--- Records for the task Enclosed Below ---
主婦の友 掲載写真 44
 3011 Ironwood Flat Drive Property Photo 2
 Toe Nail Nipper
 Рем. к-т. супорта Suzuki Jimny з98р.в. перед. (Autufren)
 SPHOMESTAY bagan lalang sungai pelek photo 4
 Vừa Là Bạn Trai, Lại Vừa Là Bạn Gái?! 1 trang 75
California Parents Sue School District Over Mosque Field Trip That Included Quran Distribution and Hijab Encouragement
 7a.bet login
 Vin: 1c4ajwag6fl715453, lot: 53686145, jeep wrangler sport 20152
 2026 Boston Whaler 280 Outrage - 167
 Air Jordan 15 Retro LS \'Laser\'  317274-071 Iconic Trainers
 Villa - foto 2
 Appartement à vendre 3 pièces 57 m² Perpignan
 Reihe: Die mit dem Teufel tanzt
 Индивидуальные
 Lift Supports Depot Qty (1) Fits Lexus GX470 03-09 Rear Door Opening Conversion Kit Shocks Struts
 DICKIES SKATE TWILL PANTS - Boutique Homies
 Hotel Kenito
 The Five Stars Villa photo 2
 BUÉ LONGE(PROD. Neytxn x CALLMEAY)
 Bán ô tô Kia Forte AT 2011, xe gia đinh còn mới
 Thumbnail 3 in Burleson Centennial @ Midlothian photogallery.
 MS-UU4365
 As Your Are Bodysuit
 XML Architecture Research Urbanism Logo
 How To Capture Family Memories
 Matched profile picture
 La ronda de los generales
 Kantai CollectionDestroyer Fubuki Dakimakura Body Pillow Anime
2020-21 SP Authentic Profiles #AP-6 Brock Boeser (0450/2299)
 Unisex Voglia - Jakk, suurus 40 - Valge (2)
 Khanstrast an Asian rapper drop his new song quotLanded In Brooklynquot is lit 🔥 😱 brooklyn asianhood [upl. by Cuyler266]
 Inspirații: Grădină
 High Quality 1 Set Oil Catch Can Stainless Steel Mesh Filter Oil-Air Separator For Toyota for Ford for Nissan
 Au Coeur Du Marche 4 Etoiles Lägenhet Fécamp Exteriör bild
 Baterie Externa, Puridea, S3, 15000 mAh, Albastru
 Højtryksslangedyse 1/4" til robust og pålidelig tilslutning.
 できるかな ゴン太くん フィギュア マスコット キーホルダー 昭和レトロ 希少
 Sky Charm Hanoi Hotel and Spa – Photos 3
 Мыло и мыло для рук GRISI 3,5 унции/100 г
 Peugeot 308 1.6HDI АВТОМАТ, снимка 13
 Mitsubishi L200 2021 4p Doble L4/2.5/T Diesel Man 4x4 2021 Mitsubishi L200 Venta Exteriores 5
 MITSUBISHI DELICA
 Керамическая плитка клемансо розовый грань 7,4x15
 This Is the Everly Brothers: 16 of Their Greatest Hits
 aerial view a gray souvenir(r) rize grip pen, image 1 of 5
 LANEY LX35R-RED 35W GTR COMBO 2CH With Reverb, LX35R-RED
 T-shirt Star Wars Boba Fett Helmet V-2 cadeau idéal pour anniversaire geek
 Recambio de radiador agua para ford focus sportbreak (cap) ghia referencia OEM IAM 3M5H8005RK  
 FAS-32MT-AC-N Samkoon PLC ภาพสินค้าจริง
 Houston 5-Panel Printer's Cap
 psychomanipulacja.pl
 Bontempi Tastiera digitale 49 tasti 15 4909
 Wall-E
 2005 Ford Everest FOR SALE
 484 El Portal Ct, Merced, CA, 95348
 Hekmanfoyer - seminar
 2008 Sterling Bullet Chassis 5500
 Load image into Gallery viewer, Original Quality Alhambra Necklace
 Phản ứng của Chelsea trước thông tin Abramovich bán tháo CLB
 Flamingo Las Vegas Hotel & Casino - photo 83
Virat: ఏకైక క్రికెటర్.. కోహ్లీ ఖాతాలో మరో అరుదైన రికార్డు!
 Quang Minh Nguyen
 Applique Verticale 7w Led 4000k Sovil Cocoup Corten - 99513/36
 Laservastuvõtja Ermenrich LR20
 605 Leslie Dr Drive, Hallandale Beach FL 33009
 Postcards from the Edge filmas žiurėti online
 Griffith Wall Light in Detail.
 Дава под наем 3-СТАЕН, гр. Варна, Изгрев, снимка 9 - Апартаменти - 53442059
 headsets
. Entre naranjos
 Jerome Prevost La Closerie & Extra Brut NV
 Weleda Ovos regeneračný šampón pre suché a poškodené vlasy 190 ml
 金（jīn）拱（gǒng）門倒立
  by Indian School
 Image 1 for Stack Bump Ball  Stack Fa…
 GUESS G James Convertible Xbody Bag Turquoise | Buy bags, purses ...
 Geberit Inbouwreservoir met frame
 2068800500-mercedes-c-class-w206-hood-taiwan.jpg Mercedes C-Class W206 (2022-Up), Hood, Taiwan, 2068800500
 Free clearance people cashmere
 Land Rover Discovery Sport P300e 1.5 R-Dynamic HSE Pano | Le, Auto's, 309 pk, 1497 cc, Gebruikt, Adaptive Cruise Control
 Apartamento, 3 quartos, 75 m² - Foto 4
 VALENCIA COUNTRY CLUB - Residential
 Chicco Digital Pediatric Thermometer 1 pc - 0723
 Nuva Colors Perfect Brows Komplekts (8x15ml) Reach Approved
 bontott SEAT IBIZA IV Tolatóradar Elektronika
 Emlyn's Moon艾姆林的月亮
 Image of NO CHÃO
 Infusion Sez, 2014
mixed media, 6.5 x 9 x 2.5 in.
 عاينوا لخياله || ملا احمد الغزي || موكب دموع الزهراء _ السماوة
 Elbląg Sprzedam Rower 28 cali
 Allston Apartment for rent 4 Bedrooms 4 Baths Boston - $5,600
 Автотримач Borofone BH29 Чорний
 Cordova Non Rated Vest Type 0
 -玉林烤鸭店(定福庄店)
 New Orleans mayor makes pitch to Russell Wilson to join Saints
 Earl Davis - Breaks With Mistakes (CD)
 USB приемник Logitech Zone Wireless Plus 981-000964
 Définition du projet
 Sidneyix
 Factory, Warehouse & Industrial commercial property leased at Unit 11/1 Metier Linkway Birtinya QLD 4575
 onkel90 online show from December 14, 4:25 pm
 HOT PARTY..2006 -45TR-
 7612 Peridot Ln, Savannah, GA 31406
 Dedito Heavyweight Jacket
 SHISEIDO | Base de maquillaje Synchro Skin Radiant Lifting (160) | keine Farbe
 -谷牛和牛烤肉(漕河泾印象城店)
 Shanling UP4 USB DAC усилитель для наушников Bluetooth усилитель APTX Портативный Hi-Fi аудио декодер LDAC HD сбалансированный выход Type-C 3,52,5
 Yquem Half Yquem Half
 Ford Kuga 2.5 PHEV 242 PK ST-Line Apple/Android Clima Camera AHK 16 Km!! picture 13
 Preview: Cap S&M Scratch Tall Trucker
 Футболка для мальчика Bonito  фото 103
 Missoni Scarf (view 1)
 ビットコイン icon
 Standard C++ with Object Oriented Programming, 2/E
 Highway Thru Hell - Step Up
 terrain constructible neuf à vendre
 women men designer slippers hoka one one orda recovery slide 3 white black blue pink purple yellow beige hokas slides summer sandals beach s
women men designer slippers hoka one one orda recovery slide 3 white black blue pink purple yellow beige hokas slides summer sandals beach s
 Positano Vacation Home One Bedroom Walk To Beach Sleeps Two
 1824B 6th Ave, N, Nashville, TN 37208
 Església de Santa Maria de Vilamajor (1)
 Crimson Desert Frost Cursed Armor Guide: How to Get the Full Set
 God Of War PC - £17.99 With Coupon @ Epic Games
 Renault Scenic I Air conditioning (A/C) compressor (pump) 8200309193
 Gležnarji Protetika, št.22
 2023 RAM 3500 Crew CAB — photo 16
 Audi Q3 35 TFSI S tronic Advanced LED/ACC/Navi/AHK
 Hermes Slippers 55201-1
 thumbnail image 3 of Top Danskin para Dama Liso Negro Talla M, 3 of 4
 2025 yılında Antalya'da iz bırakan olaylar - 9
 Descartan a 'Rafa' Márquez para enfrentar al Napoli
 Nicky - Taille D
--- End of Enclosed Records for the task ---
• Try it:
Please make an exact copy of the lines above from the line with "Flamingo Las Vegas Hotel & Casino - photo 83" through the line with "Автотримач Borofone BH29 Чорний", both ends included.

• Result below:
 Flamingo Las Vegas Hotel & Casino - photo 83
Virat: ఏకైక క్రికెటర్.. కోహ్లీ ఖాతాలో మరో అరుదైన రికార్డు!
 Quang Minh Nguyen
 Applique Verticale 7w Led 4000k Sovil Cocoup Corten - 99513/36
 Laservastuvõtja Ermenrich LR20
 605 Leslie Dr Drive, Hallandale Beach FL 33009
 Postcards from the Edge filmas žiurėti online
 Griffith Wall Light in Detail.
 Дава под наем 3-СТАЕН, гр. Варна, Изгрев, снимка 9 - Апартаменти - 53442059
 headsets
. Entre naranjos
 Jerome Prevost La Closerie & Extra Brut NV
 Weleda Ovos regeneračný šampón pre suché a poškodené vlasy 190 ml
 金（jīn）拱（gǒng）門倒立
  by Indian School
 Image 1 for Stack Bump Ball  Stack Fa…
 GUESS G James Convertible Xbody Bag Turquoise | Buy bags, purses ...
 Geberit Inbouwreservoir met frame
 2068800500-mercedes-c-class-w206-hood-taiwan.jpg Mercedes C-Class W206 (2022-Up), Hood, Taiwan, 2068800500
 Free clearance people cashmere
 Land Rover Discovery Sport P300e 1.5 R-Dynamic HSE Pano | Le, Auto's, 309 pk, 1497 cc, Gebruikt, Adaptive Cruise Control
 Apartamento, 3 quartos, 75 m² - Foto 4
 VALENCIA COUNTRY CLUB - Residential
 Chicco Digital Pediatric Thermometer 1 pc - 0723
 Nuva Colors Perfect Brows Komplekts (8x15ml) Reach Approved
 bontott SEAT IBIZA IV Tolatóradar Elektronika
 Emlyn's Moon艾姆林的月亮
 Image of NO CHÃO
 Infusion Sez, 2014
mixed media, 6.5 x 9 x 2.5 in.
 عاينوا لخياله || ملا احمد الغزي || موكب دموع الزهراء _ السماوة
 Elbląg Sprzedam Rower 28 cali
 Allston Apartment for rent 4 Bedrooms 4 Baths Boston - $5,600
 Автотримач Borofone BH29 Чорний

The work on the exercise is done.